Born during World War II, then trained as an altar boy to respond in Latin, I was attracted to the theater a long time ago. After some twenty years working and teaching as a scenic designer, I left traditional theater, established a studio in Seattle and began making street theater — using puppets.
Puppetsoup Theater of Objects, [PSTOO] gave birth to its first shows on the street in 1982. Performing at street fairs and festivals has its drawbacks, however, and I began thinking of a show that I could do on a large tabletop followed by a soup supper!

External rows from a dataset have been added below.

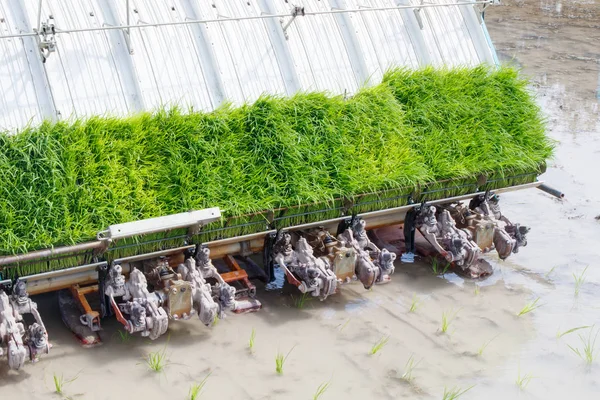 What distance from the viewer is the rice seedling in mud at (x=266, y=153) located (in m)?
6.37

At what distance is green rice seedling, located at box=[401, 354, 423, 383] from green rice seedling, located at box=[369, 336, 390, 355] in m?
0.24

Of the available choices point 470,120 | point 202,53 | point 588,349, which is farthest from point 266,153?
point 588,349

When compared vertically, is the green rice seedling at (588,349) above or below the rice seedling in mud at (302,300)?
below

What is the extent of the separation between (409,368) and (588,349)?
1.54 metres

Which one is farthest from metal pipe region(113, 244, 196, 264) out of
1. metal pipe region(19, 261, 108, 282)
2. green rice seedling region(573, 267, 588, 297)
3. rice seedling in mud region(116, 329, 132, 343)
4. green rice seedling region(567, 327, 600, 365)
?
green rice seedling region(573, 267, 588, 297)

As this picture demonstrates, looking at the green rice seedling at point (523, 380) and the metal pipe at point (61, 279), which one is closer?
the metal pipe at point (61, 279)

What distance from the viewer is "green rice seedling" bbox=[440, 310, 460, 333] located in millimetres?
7250

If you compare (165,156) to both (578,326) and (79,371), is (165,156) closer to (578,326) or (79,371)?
(79,371)

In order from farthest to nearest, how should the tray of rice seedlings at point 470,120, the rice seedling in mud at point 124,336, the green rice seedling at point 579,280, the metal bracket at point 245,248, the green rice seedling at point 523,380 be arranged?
1. the green rice seedling at point 579,280
2. the tray of rice seedlings at point 470,120
3. the metal bracket at point 245,248
4. the rice seedling in mud at point 124,336
5. the green rice seedling at point 523,380

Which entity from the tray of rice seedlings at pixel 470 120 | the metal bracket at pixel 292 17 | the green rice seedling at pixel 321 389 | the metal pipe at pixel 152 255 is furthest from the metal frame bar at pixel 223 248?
the metal bracket at pixel 292 17

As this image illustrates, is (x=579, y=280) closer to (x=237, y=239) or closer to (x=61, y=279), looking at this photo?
(x=237, y=239)

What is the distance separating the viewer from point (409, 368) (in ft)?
21.9

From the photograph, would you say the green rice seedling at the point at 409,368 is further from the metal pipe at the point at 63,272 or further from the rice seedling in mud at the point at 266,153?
the metal pipe at the point at 63,272

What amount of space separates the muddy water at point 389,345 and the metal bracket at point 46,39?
79.8 inches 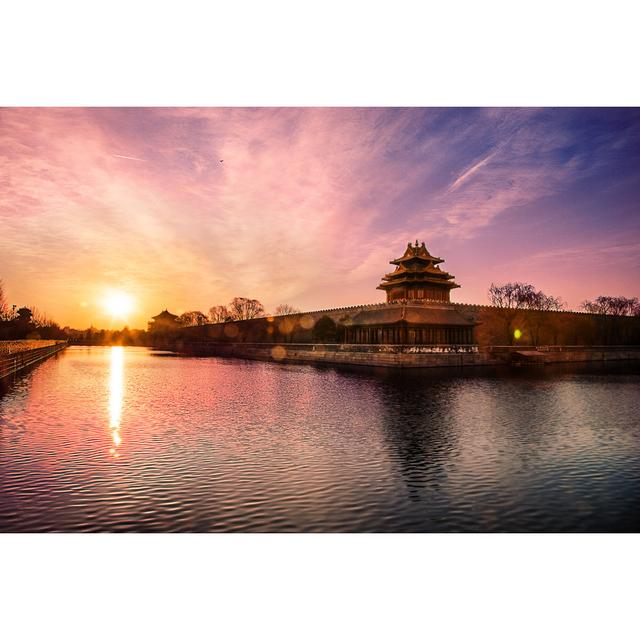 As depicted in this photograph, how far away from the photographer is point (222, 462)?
25.4 feet

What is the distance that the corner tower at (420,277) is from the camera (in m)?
39.5

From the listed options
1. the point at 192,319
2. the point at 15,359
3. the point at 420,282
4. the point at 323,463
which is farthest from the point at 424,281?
the point at 192,319

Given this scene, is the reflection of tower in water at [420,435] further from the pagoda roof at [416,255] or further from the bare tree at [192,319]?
the bare tree at [192,319]

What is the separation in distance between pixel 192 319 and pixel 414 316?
57.7 meters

The Souptalks Trilogy is a miniature epic inspired by the START TALKS during the cold war.
The first play, Voice of the Turtledove premiered in my Seattle Studio in 1988 for 12-18 guests. Five years later, all three parts were presented by Seattle’s On the Boards and the Jim Henson International Festival of Puppet Theater, New York City. In 2001, the work was revised and presented as SoupTalks Seattle by the Center on Contemporary Art (CoCA).
Extensive use of video in the project eventually led to making the documentary Puppet Festival released on VHS in 2001 just as the world was switching to DVDs! Enough of that nonsense. Two recent movies are distributed online: “LetterHome” and Eight Songs for a Wheat Harvest.
Upon renovating, then moving to the former St. Michael Catholic Church of Snohomish — partner Karen Guzak’s big idea — my fascination with the history of our riverside town resulted in a book of historic images published by Arcadia Publishers in 2007, Early Snohomish. Beginning with the release of the book, I wrote a monthly column in the local newspaper and blog, Snohomish: Then and Now — now archived.
Currently a volunteer photo archivist with the Snohomish Historical Society, following my two-year service as its president in 2008/2010.
And most happy to report that my book, J. S. White: Our First Architect, written in collaboration with Seattle photographer Otto Greule, was released July 13, 2017!